Here I am again with another shoot.. This time it's a band called The Murder Of My Sweet that will release their debut album worldwide soon. We had two makeup artists, one stylist from Filippa K, one hair stylist from Maria Nila, me pressing the button on the camera and my assistant doing what I told him to do.

Video from the shoot (in swedish but with english subtitles): 




If the video does not load then it means the youtube server is down for maintenance. Try again later! 

Some of the photos:
































Both the band and record label loved the photos so it was fun.  I am pretty satisfied as well. Hope you likeeemmm


----------



## christm (Jul 12, 2009)

Some amazing photos - wow !


----------



## Paparoksguitar (Jul 12, 2009)

sick shots martin. loving the ferris wheel behind the girl too. Good shots.


----------



## Josh66 (Jul 12, 2009)

Excellent work Martin!


----------



## rubbertree (Jul 12, 2009)

excellent Martin!
so cool to see you at work!


----------



## mooimeisie (Jul 12, 2009)

That was a very interesting video and some amazing shots.  Thank you very much for sharing.


----------



## Rabieshund (Jul 13, 2009)

Thanks a lot guys.. Really appreciate it!


----------



## Cero21 (Jul 13, 2009)

Simply amazing!


----------



## Lyncca (Jul 13, 2009)

As always... :hail:


----------



## bigboi3 (Jul 13, 2009)

WOW!!! :thumbup:


----------



## AtlPikMan (Jul 13, 2009)

Stunning Shots! Excellent Work!


----------



## Restomage (Jul 13, 2009)

I can't even begin to imagine how these shots are done. Great work.


----------



## musicaleCA (Jul 13, 2009)

Cool beans. *picks apart lighting set-ups with his brain*

Question: How are you masking-in those backgrounds?

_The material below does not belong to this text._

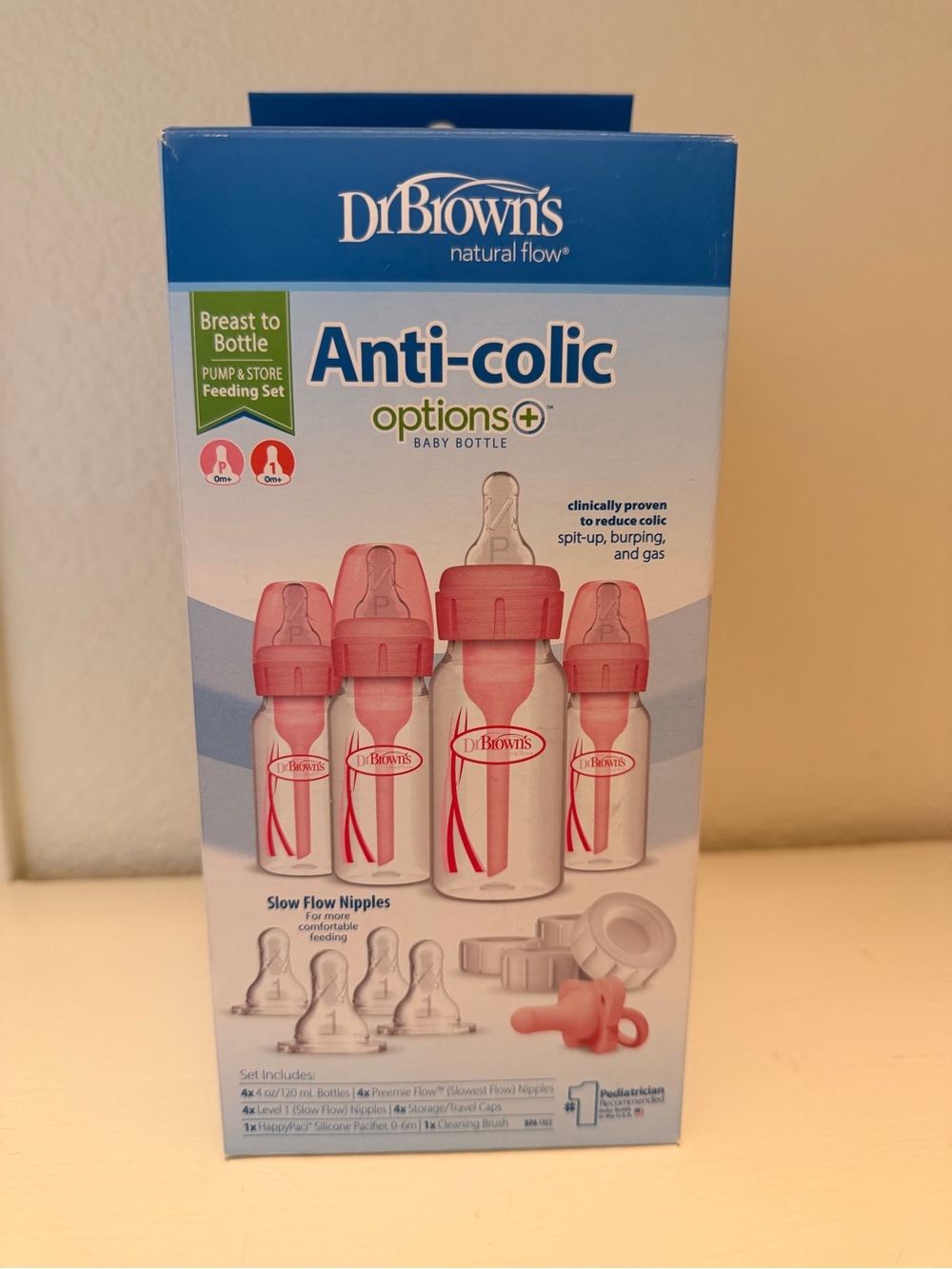 Dr. Brown's Anti-Colic Options+ Baby Bottle Set - Pink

Oh, and thanks for putting this up. This music is right down my alley. It's similar to Holopainen's work with Nightwish, or Jansen's work with Epica. (And the best thing about both is that they pay attention to composers like Hanz Zimmer and John Williams. I have lots of respect for those musicians.) And I'm damned happy to see the full western orchestra being used more and more in popular music. Funny that the orchestra is still a mainstay of music after centuries.


----------



## Rabieshund (Jul 14, 2009)

Thanks people!

musicaleCA: Well, it's hard to say exactly. There is a lot of smudge tool on layer masks involved. I use a wacom for small areas like hair. I think that's my "secret"..


----------



## musicaleCA (Jul 14, 2009)

Well you're certainly using the smudge tool effectively. I'm not too comfy with it myself, but that'll hopefully come with time. I have a Wacom too, and use it for pretty much everything now; they're pretty fantastic.


----------



## rub (Jul 14, 2009)

Amazing as always!


----------



## Rabieshund (Jul 15, 2009)

I don't use my wacom very much actually. I'm left handed and uses A LOT of shortcuts on the keyboard so if I'm using it I have to lay down the pencil everytime I'm about to use the keyboard.. So I go with the mouse most of the time. I use the wacom for hairs and stuff that are impossible to do with the mouse. 

rub: Thanks!


----------



## platano (Jul 27, 2009)

Nice images, remind of the poster for the movie "Twilight" similar or maybe identical lighting but just with different PP.  Good job bro.


----------